Exercise: Locate "FAQ Section Icon Design vector" in the data below, then output the line it is on and all following lines through the last, word for word. Skip any pictures.

Brief descriptive captions:
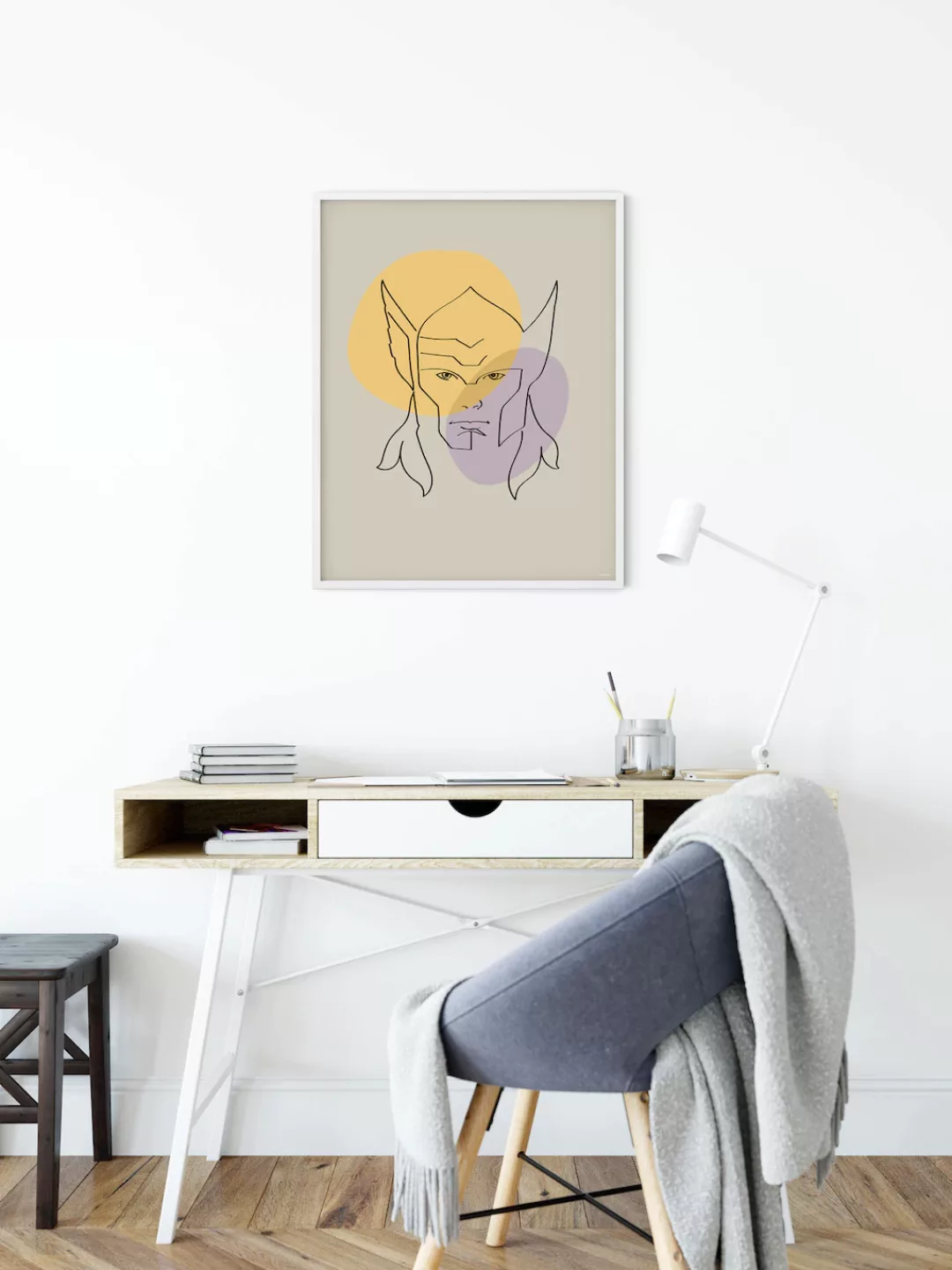 Komar Wandbild "Soulful Sanctuary Thor Head", (1 St.), Deutsches Premium-Po günstig online kaufen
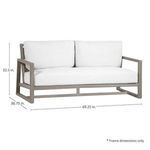 Product Image 5 for Avondale Natural N-dura Loveseat from Summer Classics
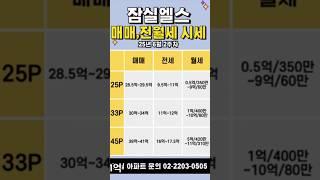대선 이후 잠실 엘스 아파트 매매 전월세 시세 25년 6월 2주차 잠실의신 #잠실아파트 #엘스 #리센츠 #트리지움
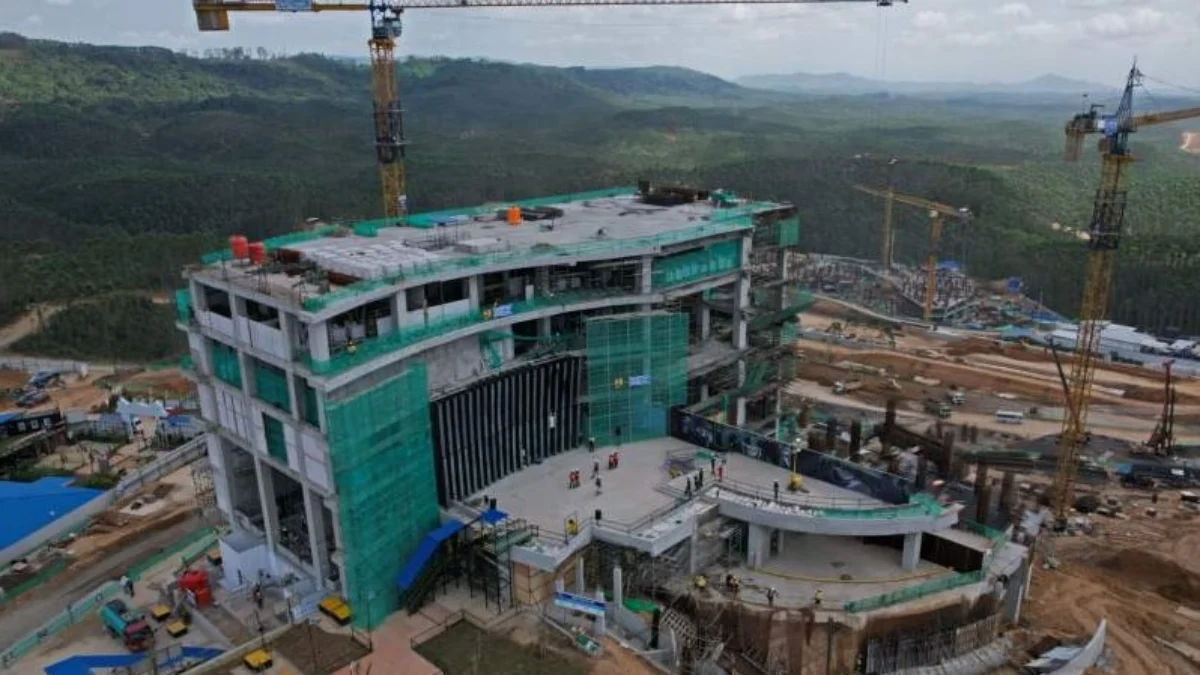 Progres Pembangunan IKN Tahap 1. (Sumber Foto: dok Bloomberg)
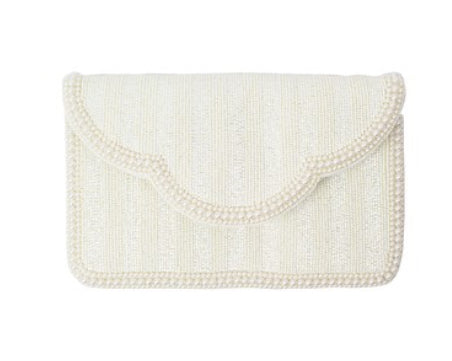 Ivory Scalloped // Clutch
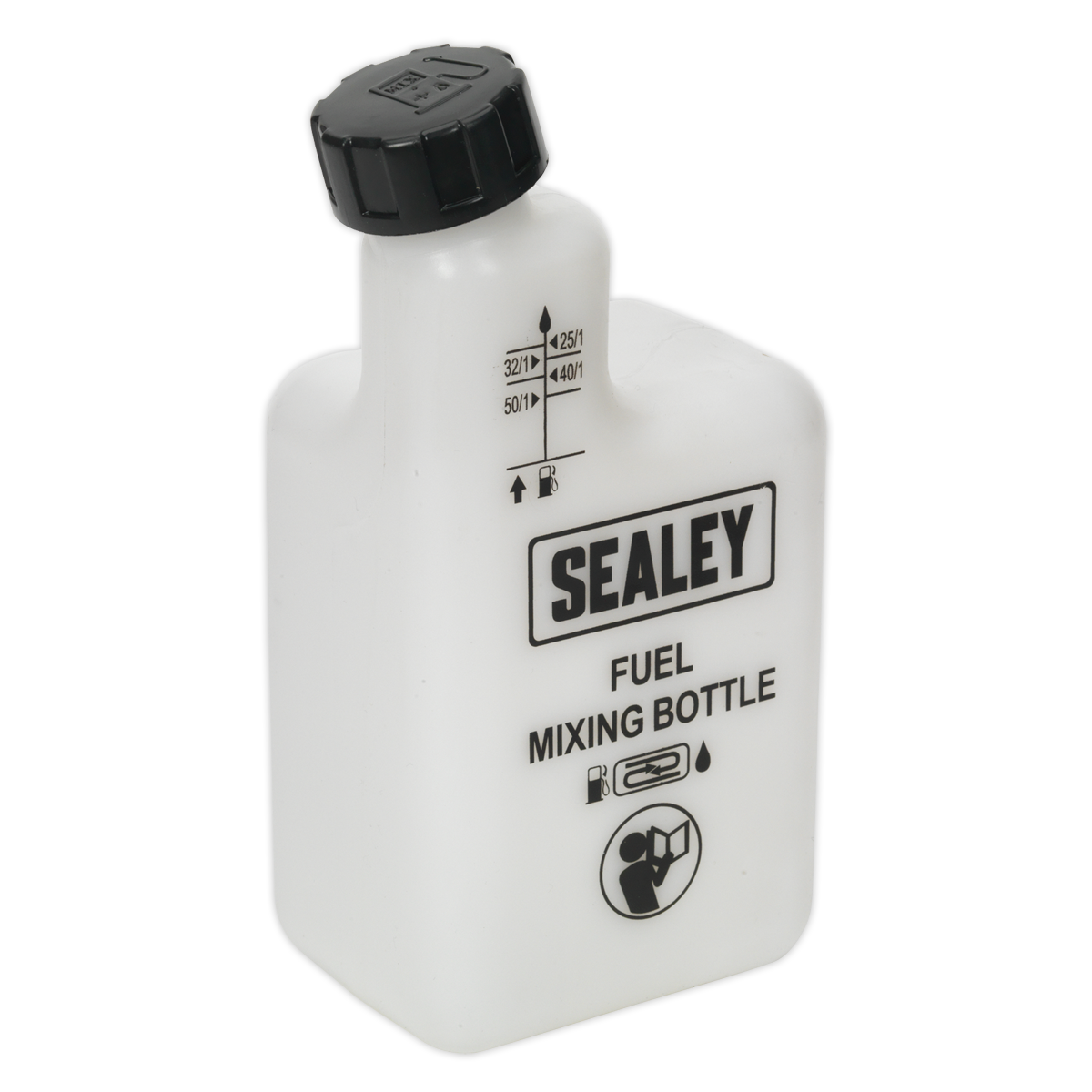 Sealey Petrol/Fuel 2-Stroke Mixing Bottle 1L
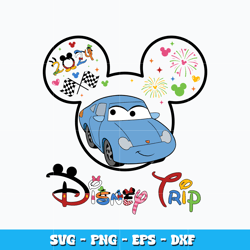 Disney Trip 2024 Mickey head svg, Sally cars, Disney vacation svg, logo design svg, digital file, Instant download.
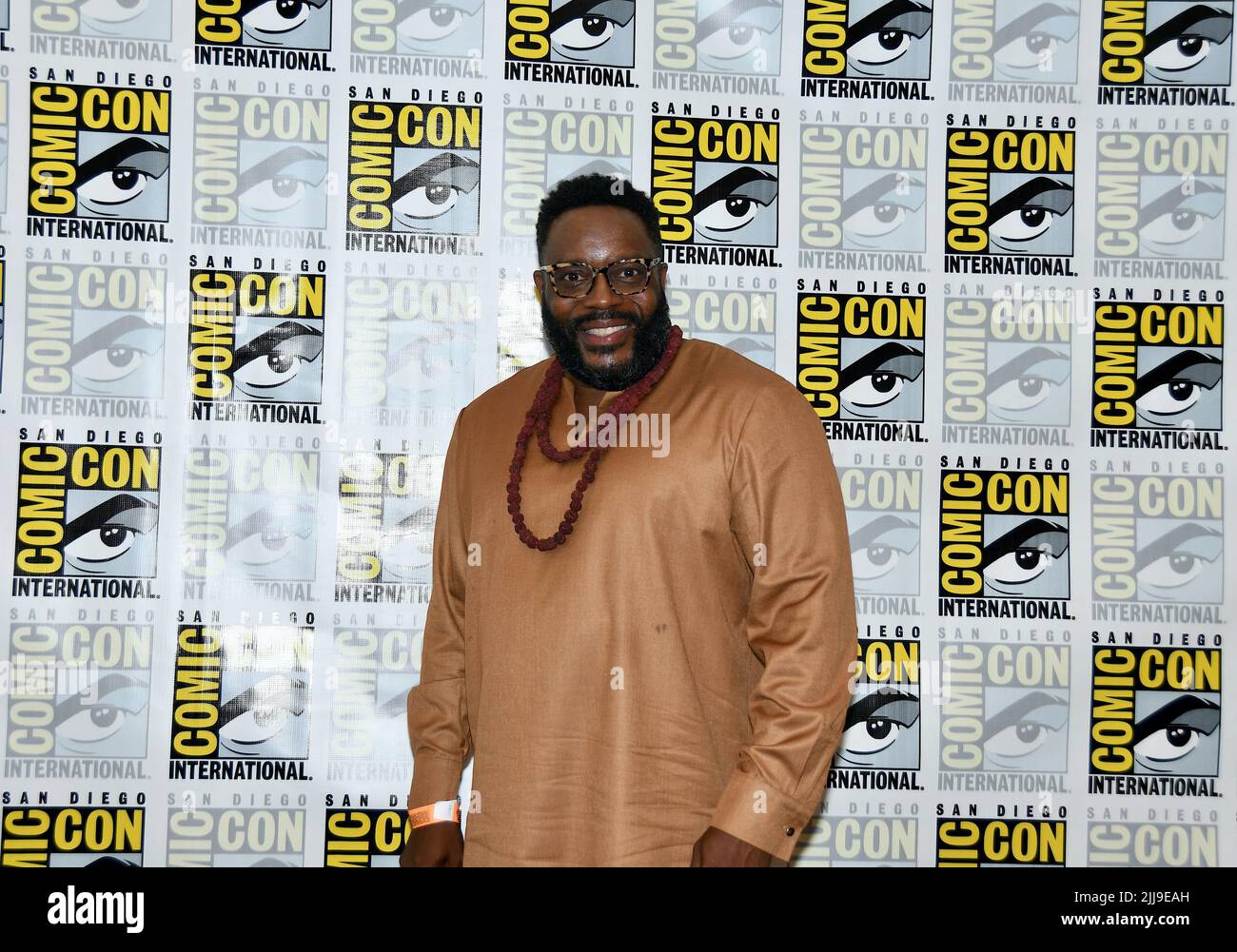 Anna hiverne à l'arrivée à la salle de presse d'Orville à l'hôtel Hilton Bayfront pendant le Comic con Day 3 de San Diego qui s'est tenu sur 23 juillet 2022. Banque D'Images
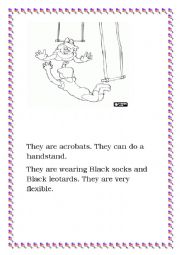 English Worksheet: Book of circus
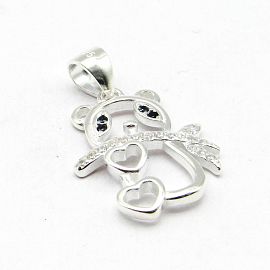 DIJE PEREZOSO CUBICS /PLATA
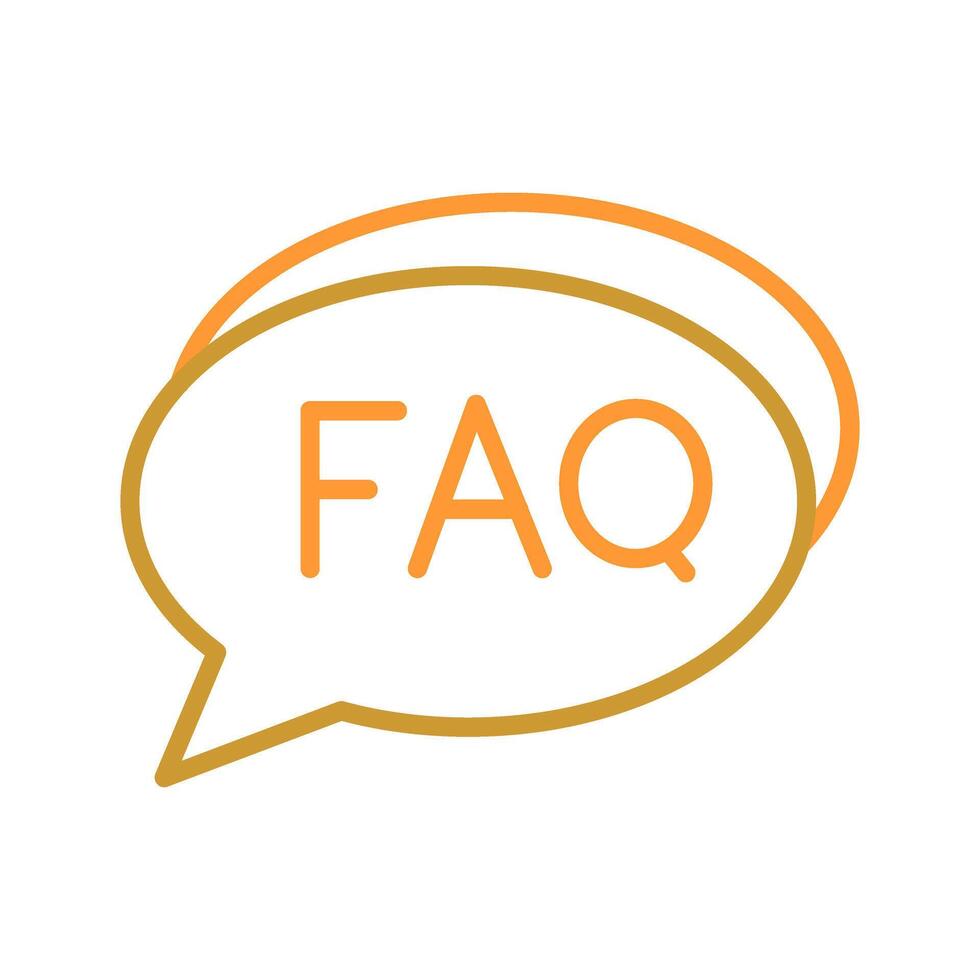FAQ Section Icon Design vector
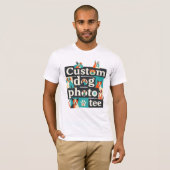 Custom Dog Photo Tee T-shirt (Voorkant volledig)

Result:
FAQ Section Icon Design vector
 Custom Dog Photo Tee T-shirt (Voorkant volledig)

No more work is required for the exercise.